ARTIST // INSTRUCTOR // SF, CA
BIO
Zan Levine has over 13 years of experience as an artist, Art educator and advocate for social justice in the San Francisco Bay Area. She currently teaches Art and Ceramics at Capuchino High School in San Bruno, CA. Zan is a multimedia artist specializing in Ceramics. She is a community organizer, and leader for youth movements. In her free time she enjoys planting trees with Climate Action Now (CAN!), gardening at home, camping, hiking in our beautiful National Parks, and of course spending time with her dog, Zowie Bowie. Levine spent her college age years in Santa Cruz and Los Angeles, CA, and now she resides in San Francisco. Levine’s work has been shown regionally in group and solo shows since 2001.
ARTIST STATEMENT
Inspiration from poems, a classic method of communication, entertainment and learning, is where my journey began. I have been making a series of formative and self-reflective ceramic books using mid-fire, Dixon sculpture clay. The Dixon clay body is earthy, with a dark, rich, red color, and has a vintage feel to it after I apply muted underglazes; the clay is a subtly pertinent part of the equation in my work because it inserts meaning through its dramatic and antiqued appearance, adding another layer of meaning to each piece.

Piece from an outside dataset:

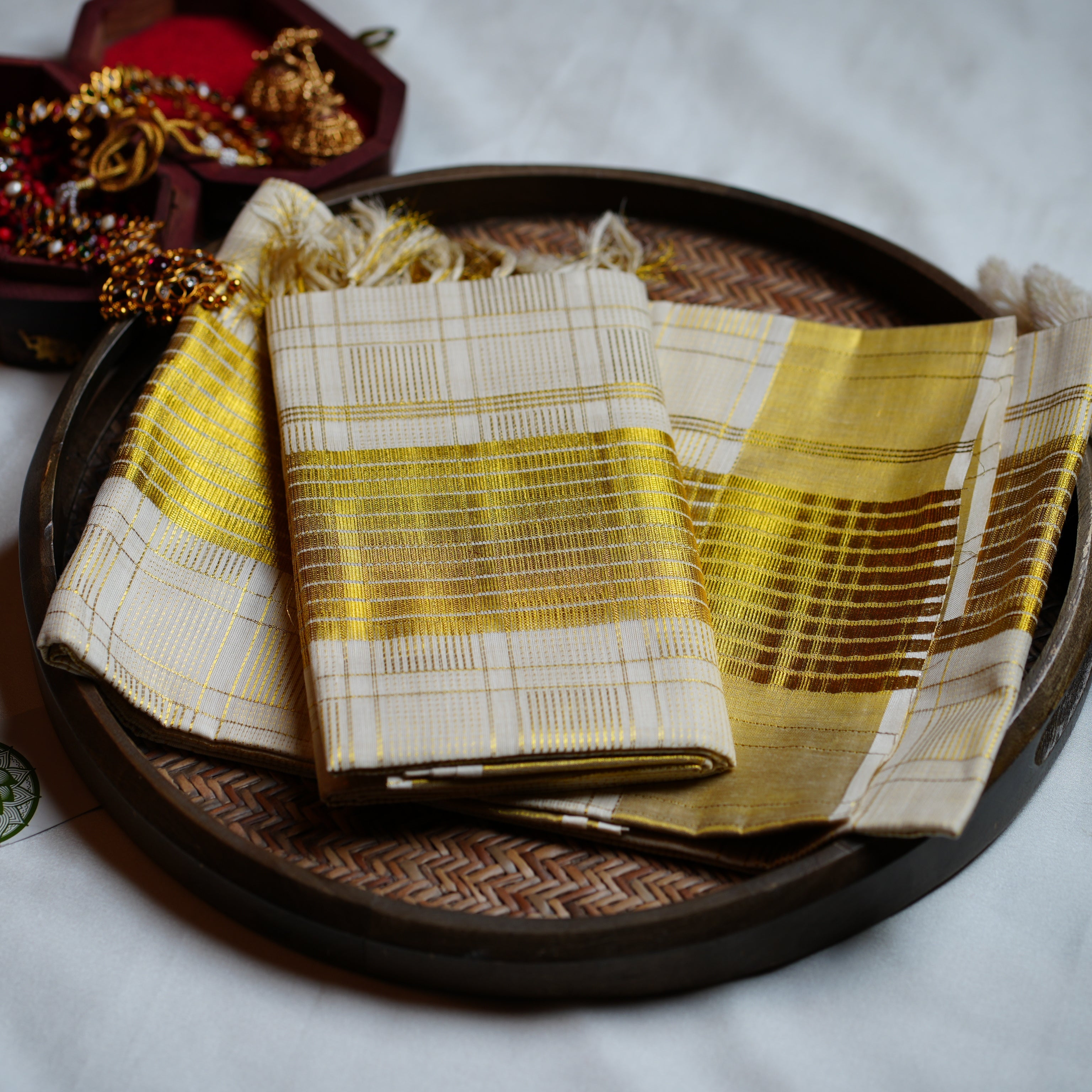 ✨ Pure Gold Lattice & Shimmering Grid: The Premium Tissue Kerala Set Mundu ✨ - SAROYA
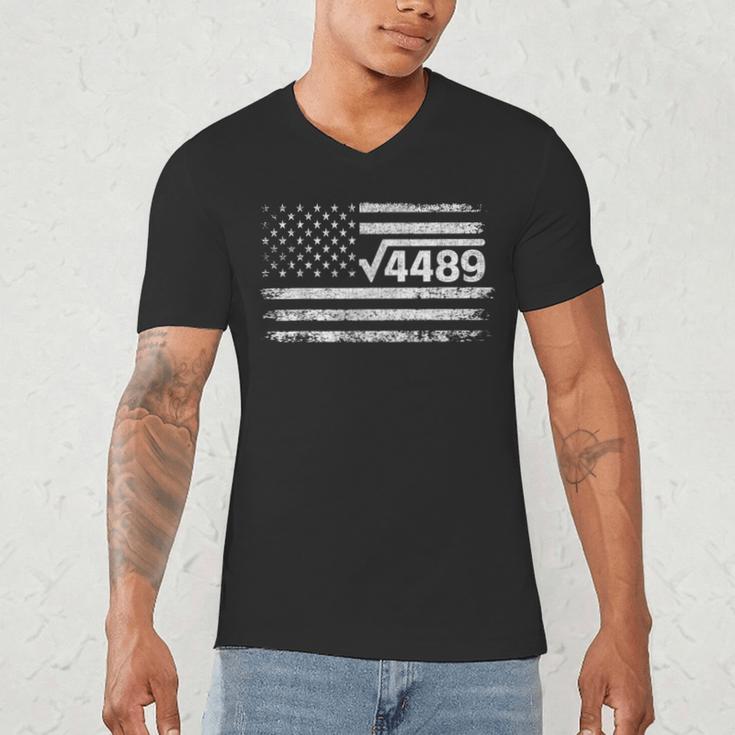 Square Root 4489 Slang Math Teacher Six Seven 6 7 USA Flag Men's V-Neck T-Shirt, novelty gifts, funny gifts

Notions of mis-communication in rhetoric and human interaction serve as a main focus for the narratives that emerge in this body of work. Using found quotes that have been misinterpreted when translated into English, I playfully and subtly relate text to imagery. Predominantly engaged with questioning how the meaning of the written word is seen ultimately as the truth, another focus is exposing how we see the world through our own lens, and revealing parallels found in human intention and language. By juxtaposing imagery with text, my aim is to guide the viewer through a conundrum that poetically questions fact from fiction, inadvertently revealing the true meaning of the translation.
Commonly intertwining nautical imagery in my pieces such as boats, anchors and sea-life, my intention is to evoke peregrinations and the passage of time. Therein, the ebb and flow of the sea can be scientifically measured just as easily as it can be mysteriously fathomed; a convergence that further describes my work.